Start of Collected material
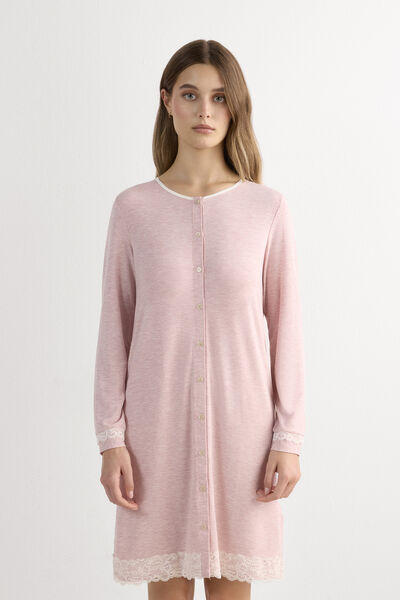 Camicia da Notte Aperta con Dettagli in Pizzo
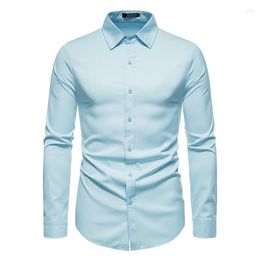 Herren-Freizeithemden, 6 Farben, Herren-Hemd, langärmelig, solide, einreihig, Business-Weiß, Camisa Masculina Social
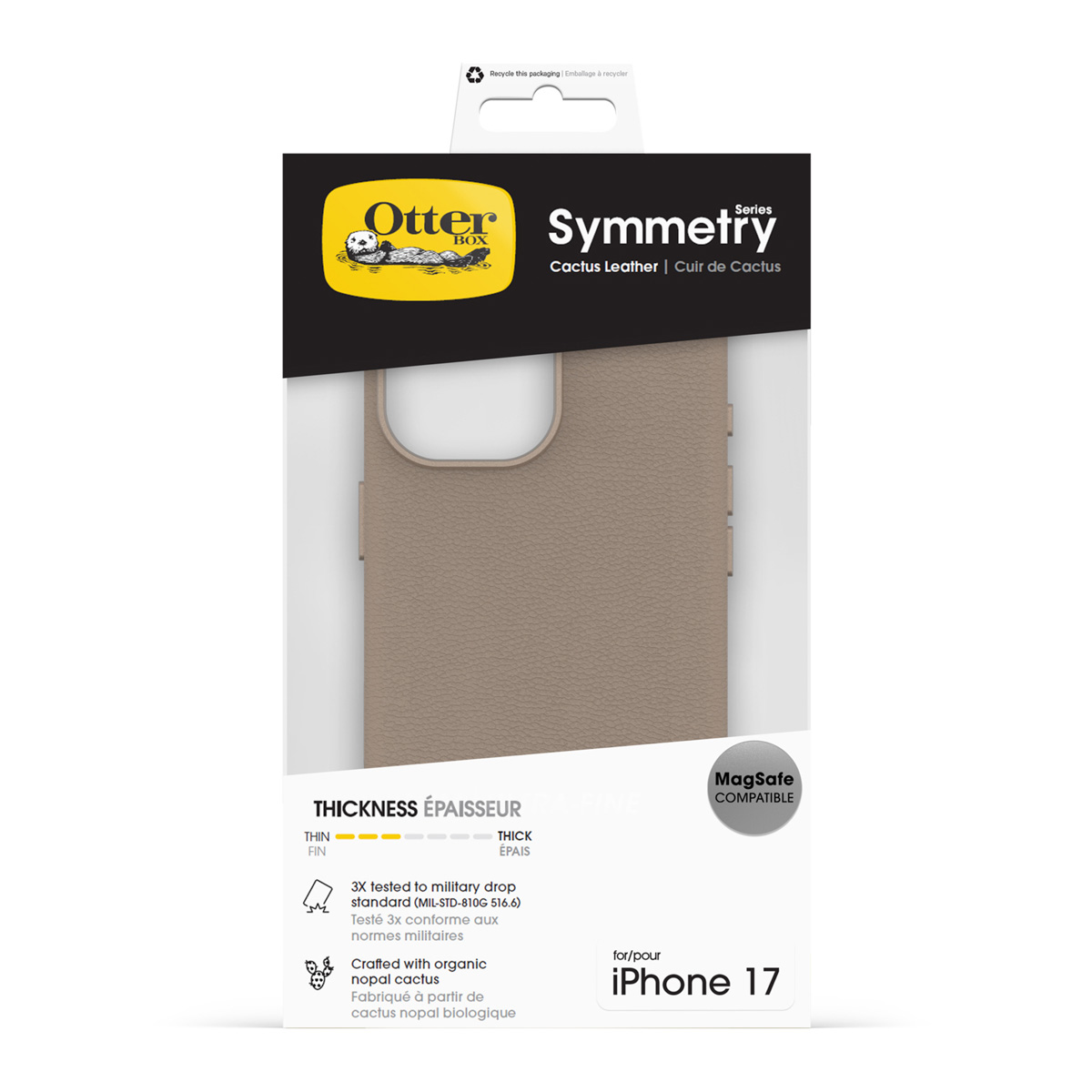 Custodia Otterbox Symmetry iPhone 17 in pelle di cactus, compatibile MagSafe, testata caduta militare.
End of Collected material
**Work task**
Every word of the data should be reproduced exactly; please omit any pictures.

**Task answer**
 Camicia da Notte Aperta con Dettagli in Pizzo
 Herren-Freizeithemden, 6 Farben, Herren-Hemd, langärmelig, solide, einreihig, Business-Weiß, Camisa Masculina Social
 Custodia Otterbox Symmetry iPhone 17 in pelle di cactus, compatibile MagSafe, testata caduta militare.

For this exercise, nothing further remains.